Let’s put these concepts in code. The following code block defines the persistence context, and illustrate the persistence by reachability.

	EntityManager em = //obtain the EntityManger instance
	EntityTransaction tx = null;
	try {
		tx = em.getTransaction();
		tx.begin();

		Department dept1 = em.find(Department.class, "department1");
		dept1.addEmployee(new Employee("José", 10503f));

		tx.commit();
	} catch (Exception e) {
		if (tx != null) {
			tx.rollback();
		}
		throw new RuntimeException(e);
	} finally {
		em.close();
	}

On line 7, I’m getting the Department department1 from the persistent storage and on line 8 just append a new employee to it. Due to department1 is in the persistent state, by reachability the transient instance of Employee (José) will be persisted and attached to the department.

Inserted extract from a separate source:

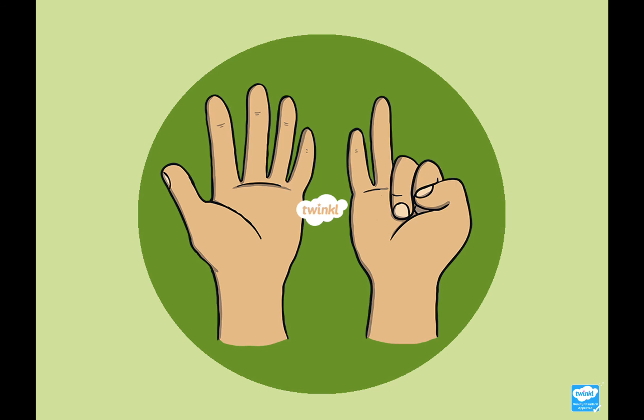So today we've been learning about the number seven. I would now like you to go around your house and have a look for things that have got the number seven on them. Good places to look might be a calculator, a remote control for the television, a clock or a watch, a diary or a calendar, or a microwave. If you want to have a go at writing the number seven, that would be brilliant. And also, if you can count out seven objects, that would be a great activity too. I will see you all tomorrow. Bye!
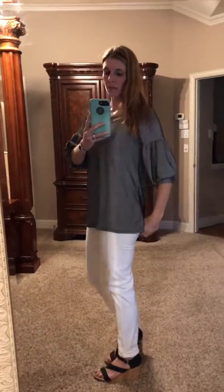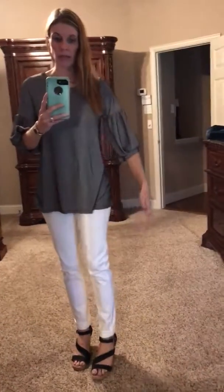Simple neckline — it covers the hiney but it's not as long as some of them, but it's still nice and flowy. It covers anything that you want to have hidden, if you know what I mean. It would look darling with any color pants. I've got it paired with white skinnies and some wedges.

A similar scenario that also illustrate the two concepts described above is when having two transient objects, Department and Employee, and the Employee has a relation (or is part of) to the Department. If I persist the Department, then the Employee will be persisted too. Code shown below:

	//start persistence context
	...
	Department dept1 = new Department("department1");
	dept1.addEmployee(new Employee("José", 10503f));

	em.persist(dept1);
	...
	//close persistence context

Below are some more examples that continue demonstrating the beauty of the transparent persistence. Changing the name of a department:

	//start persistence context
	...
	Department dept1 = new Department("department1");
	dept1.setName("anotherDepartmentName");
	...
	//close end of persistence context

Removing an employee from a department:

	//start persistence context
	...
	Department dept1 = // retrieving from the storage
	dept1.removeEmployee(new Employee("Javier", 4569f));
	...
	//close end of persistence context

Lets write something a bit richer. Suppose each department gains 5 points each time a woman joins them and 3 points for men and subtract 5 points when an employee leaves them. I would change the Department class in the following way:

public class Department {

	...

	private int points;

	public void addEmployee(Employee e) {
		points += e.points();
		employees.add(e);
	}

	public void removeEmployee(Employee e) {
		points -=  e.points();
		employees.remove(e);
	}

	...
}

Now, if I add an employee to a department:

	//start persistence context
	...
	Department dept1 = // retrieving from the storage
	dept1.addEmployee(new Employee("Julio", 6205f));
	...
	//close end of persistence context

in addition to persist the new Employee and the relation with the department, it will also persist the new points obtained by adding employees to the department. It will be done executing two SQL statements wrapped in a transaction. Something like:

insert into employees values("Julio", 6205f, "department1");
update departments set points = ? where id = "department1";

That was transparent right? You can visualize all the work done by the ORM for you. This means that you can focus the effort on make a good Object Domain Model (and with good I mean, with business logic inside and not an anemic model), test it on memory, get a high test coverage, and let the ORM to take care of the persistence.

The support of Transparent Persistence is what makes Hibernate an invaluable tool.